4. The method of generating synthetic speech data of claim 3, wherein the context information extractor includes a pre-trained natural language processing (NLP) model.

5. The method of generating synthetic speech data of claim 3, wherein the normalizing flow-training model is a model based on the change of variable theorem, and generates a low-dimensional latent vector from the sentence embedding vector and generates the timbre embedding vector from the generated latent vector.

6. The method of generating synthetic speech data of claim 3, wherein the generating of the synthetic speech data includes generating the synthetic speech data by inputting the timbre embedding vector and the sentence embedding vector into a decoder.

7. The method of generating synthetic speech data of claim 1, further comprising:

outputting, by the data processing device, the generated synthetic speech data.

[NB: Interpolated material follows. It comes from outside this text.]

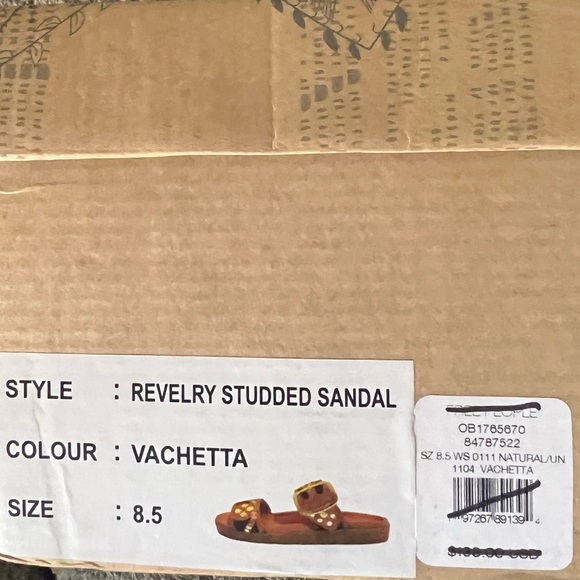 Free People Revelry Studded Slide Sandal, Sz 8.5 NIB - Picture 9 of 10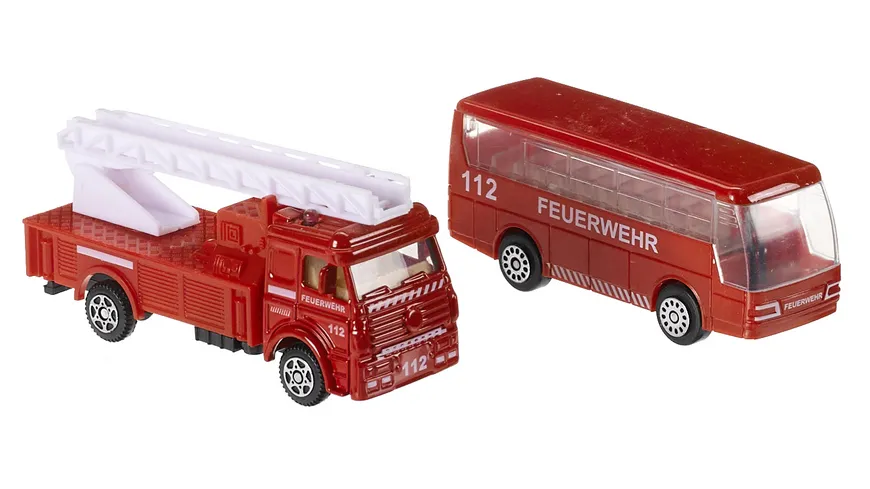 Müller - Toy Place - City Team Set - 5 Fahrzeuge, 3-fach sortiert, 1 Stück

8. A data processing device comprising:

an input unit configured to acquire text data and speech data;

an operation unit configured to extract timbre information from the text data and generate synthetic speech data based on the timbre information and the speech data; and

an output unit configured to output the generated speech data.

9. A method of training a normalizing flow-training model, the method comprising:

acquiring, by a data processing device, training speech data and training text data;

generating, by the data processing device, a reference timbre embedding vector from the training speech data using a timbre information extractor;

generating, by the data processing device, a sentence embedding vector from the training text data using a context information extractor;

generating, by the data processing device, a timbre embedding vector from the sentence embedding vector using a normalizing flow-training model;

calculating, by the data processing device, a loss value between the reference timbre embedding vector and the timbre embedding vector; and

updating, by the data processing device, a parameter of the normalizing flow-training model so that the calculated loss value is minimized.

10. The method of claim 9, wherein the training text data includes text expressing timbre that appears in the training speech data.

11. The method of claim 10, wherein the reference timbre embedding data and the timbre embedding vector are passed through a projection layer and have the same dimensions.